After the three charges were read to Natasha, she pleaded not guilty and was granted $20, 000 on each of the three charges, prompting activist Mark Benschop, who was in the courtroom at the time, to intervene.
Benschop, who placed his hand in the air indicating that he wanted to say something, was given a chance to speak after presiding Magistrate Judy Latchman enquired who he was and what he wanted to say since the matter did not concern him.
Having been granted permission from the court to speak, Benschop informed that the mother of the teens, with whom he was earlier conversing, had left the courtroom in a bid to contact the lawyer she had retained for her daughters.
Benschop, in a passionate plea for the court to rethink its decision on bail, said the girls’ family is of meagre means and would not be able to afford bail in the amount set. He noted too that the girls’ mother had to find $40,000 the previous day for station bail and the additional financial strain on her.
He said too that the charges levelled against the teenagers were far from the truth and that this should be ascertained from them.
Cautioning him however that he was not present on the day in question and would not know what transpired, the court gave Jenell a chance to speak. She related that on the day in question she and her sister were travelling in a minibus when a group of girls who were passengers in the said vehicle began taunting her sister, calling her “big head” and “hard face.” According to Jenell, this led to an exchange of words between them and the other young ladies and a fight ensued.
She further explained that the disturbance in the bus caused the driver to take them to the police station.
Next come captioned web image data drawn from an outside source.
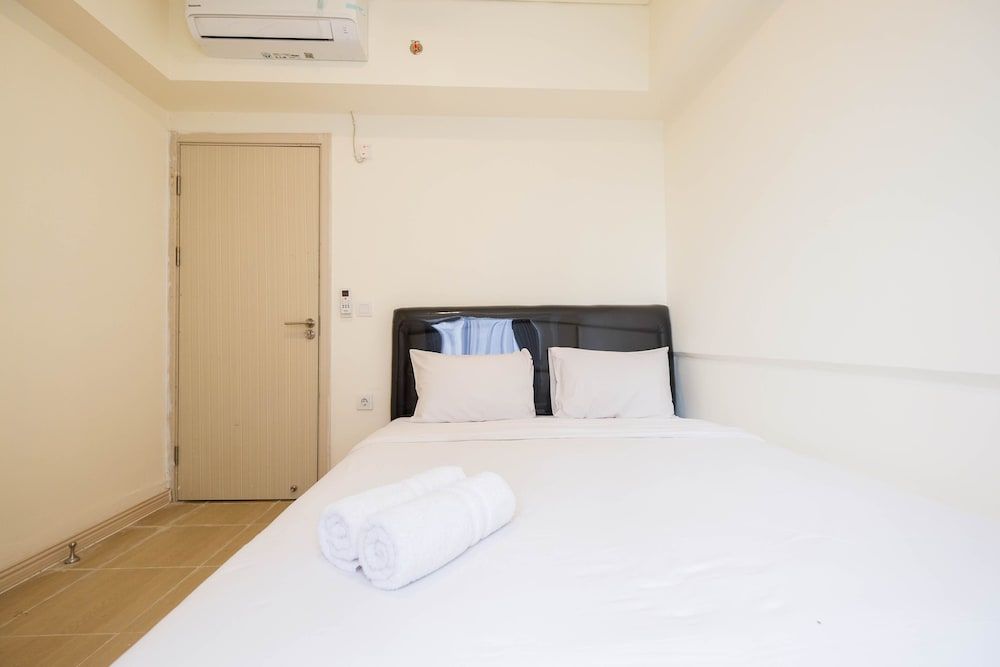 Cozy 2Br At Meikarta Apartment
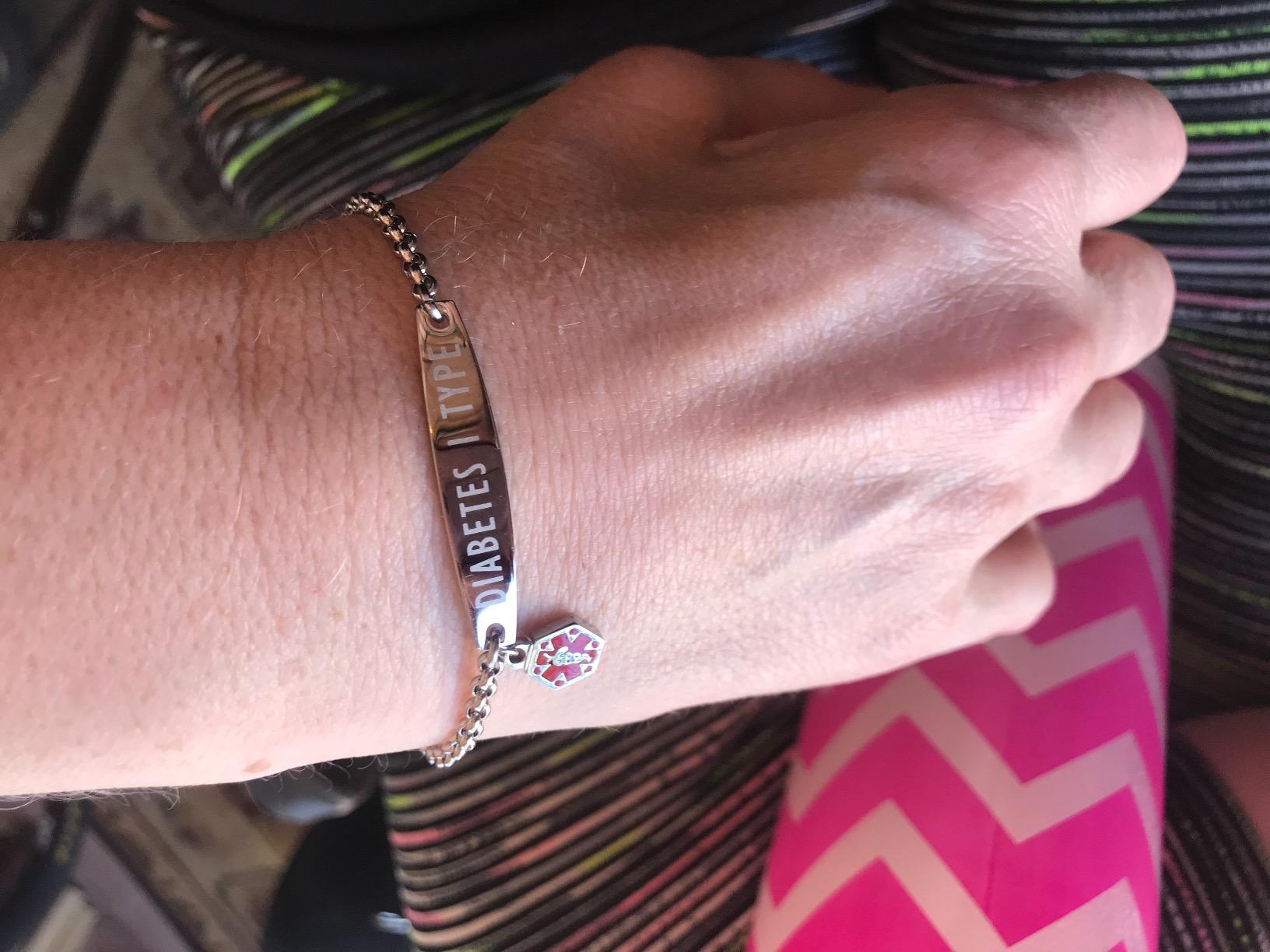 LinnaLove-Pre-engraved Simple Rolo chain Medical alert id bracelet for Women customer photo 2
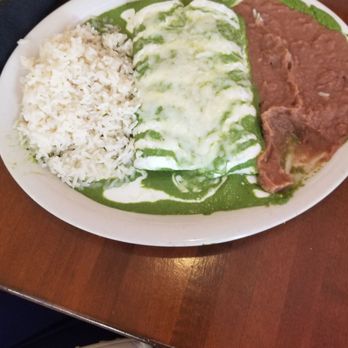 Las Palomas Restaurant & Bar - Spanish enchilada chicken - Mexican Near Me - Austin, Texas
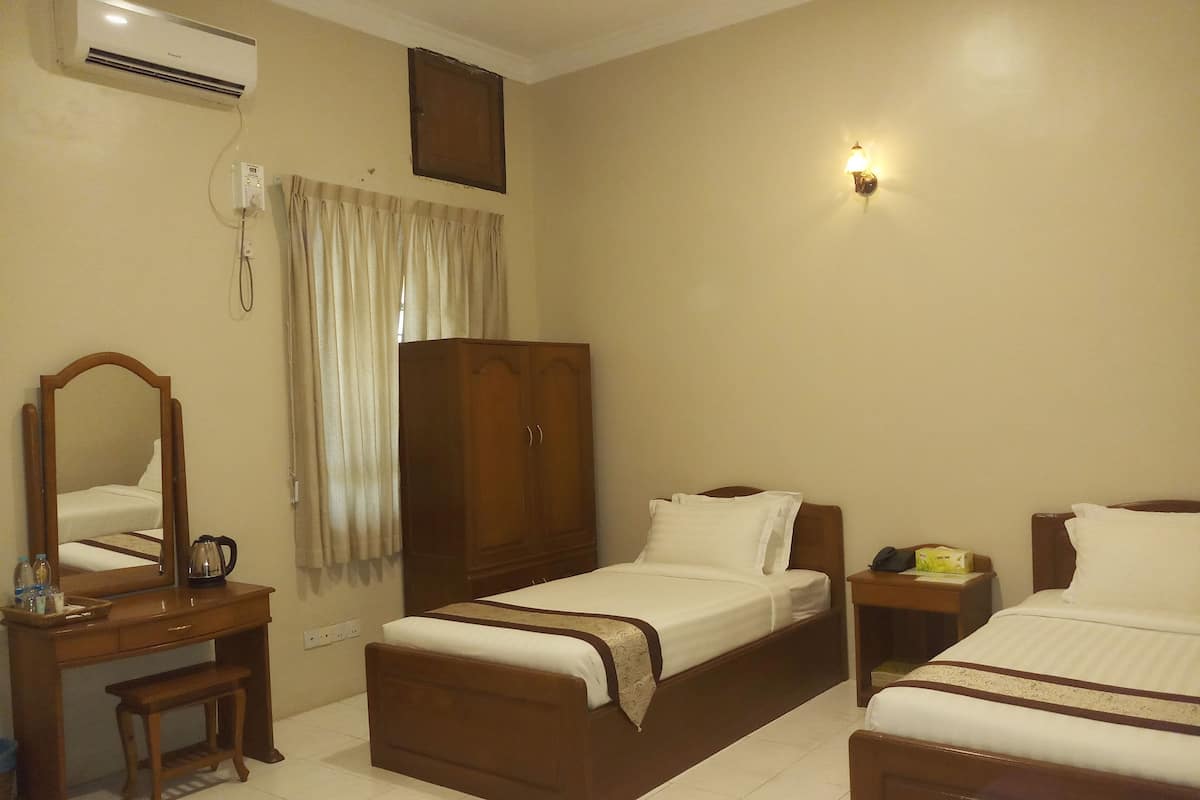 Superior Room | Minibar, in-room safe, desk, free WiFi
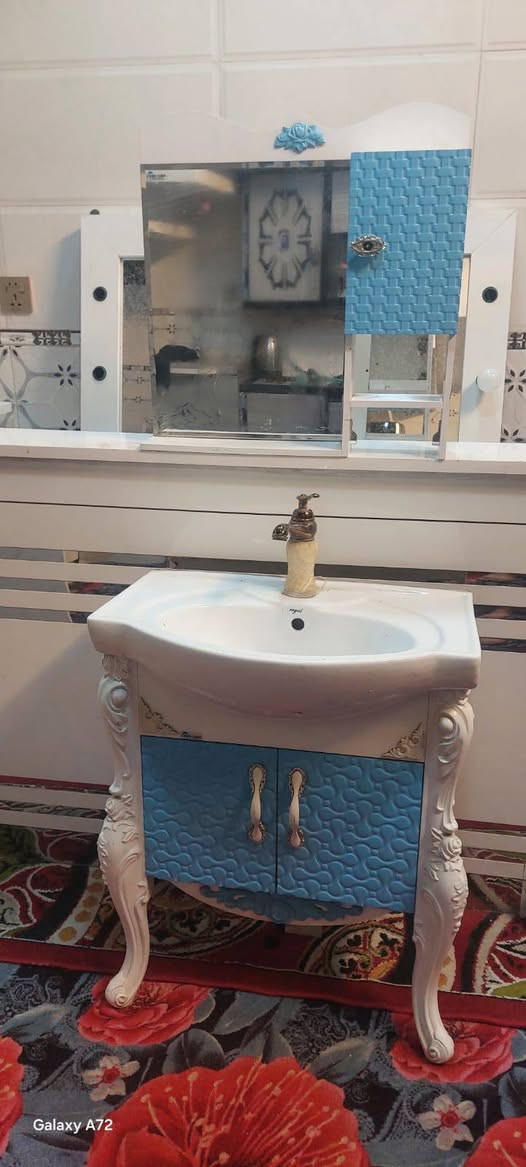 السلام عليكم اغراض للبيع نظافه فول ***********بغداد مدينة الصدر
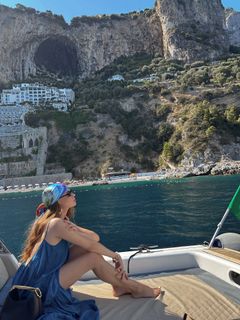 Xenia Tchoumitcheva feet photo thumbnail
Once there, Jenell said, officer Beckles, who was in plain clothes, accosted her, pushing and slapping her in the face. During this time, she said, she was unaware Beckles was a police officer.
She said Beckles then exclaimed, “Yuh want fight…” before dragging her and her sister upstairs, pushing them in a corner and placing them in handcuffs.
Natasha, who was then asked to speak, continued her sister’s story, telling the court the officer abused them with a series of expletives before complaining to her superior at the station that she had been assaulted and abused by the defendants. They were then charged.
But officer Beckles, who was present at the hearing, related that on the day in question she was in the compound of the Ruimveldt Police Station when a minibus drove into the yard with a loud commotion coming from within.
According to her, acting on the information related by the bus driver, she went around the bus to where the defendants were seated and said to them, “Young ladies, y’all are not sounding good. Conduct yourselves”.
Beckles said that the sisters then began using a series of expletives and that if they were taken to court they “will fabricate a whole story.”
“It was embarrassing,” Beckles said.
Attorney Kevon Bess, who appeared amicus curiae for the defendants, made an application for reasonable bail, telling the court that “the situation could have been handled a bit better. Given the hostility in the young ladies as a result of the fight, if the Sergeant had behaved better the outcome would have been different”.
After the prosecution declined to object, the magistrate set bail in the sum of $20,000 for each of the three charges for both sisters, amounting to a total sum of $60,000 bail each.
The matter will be called again on July 5.